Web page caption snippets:
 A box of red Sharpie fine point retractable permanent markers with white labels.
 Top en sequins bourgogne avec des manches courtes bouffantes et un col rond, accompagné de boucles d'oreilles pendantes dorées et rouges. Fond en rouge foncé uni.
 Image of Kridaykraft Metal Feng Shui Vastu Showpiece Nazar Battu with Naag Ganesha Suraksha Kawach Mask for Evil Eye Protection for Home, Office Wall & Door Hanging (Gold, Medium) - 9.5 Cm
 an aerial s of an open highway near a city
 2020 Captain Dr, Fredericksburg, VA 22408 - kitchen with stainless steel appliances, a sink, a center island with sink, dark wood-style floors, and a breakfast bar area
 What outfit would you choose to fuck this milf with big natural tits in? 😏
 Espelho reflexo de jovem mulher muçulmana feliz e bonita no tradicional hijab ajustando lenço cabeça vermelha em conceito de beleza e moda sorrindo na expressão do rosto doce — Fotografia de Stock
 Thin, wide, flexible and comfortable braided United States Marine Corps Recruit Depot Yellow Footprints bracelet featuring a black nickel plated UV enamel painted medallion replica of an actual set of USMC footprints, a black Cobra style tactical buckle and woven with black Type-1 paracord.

— What is needed —
Write down only the closing run of lines: the one containing "2020 Captain Dr, Fredericksburg, VA" and every line after it to the end of the entries, exactly.

— Answer for this exercise —
 2020 Captain Dr, Fredericksburg, VA 22408 - kitchen with stainless steel appliances, a sink, a center island with sink, dark wood-style floors, and a breakfast bar area
 What outfit would you choose to fuck this milf with big natural tits in? 😏
 Espelho reflexo de jovem mulher muçulmana feliz e bonita no tradicional hijab ajustando lenço cabeça vermelha em conceito de beleza e moda sorrindo na expressão do rosto doce — Fotografia de Stock
 Thin, wide, flexible and comfortable braided United States Marine Corps Recruit Depot Yellow Footprints bracelet featuring a black nickel plated UV enamel painted medallion replica of an actual set of USMC footprints, a black Cobra style tactical buckle and woven with black Type-1 paracord.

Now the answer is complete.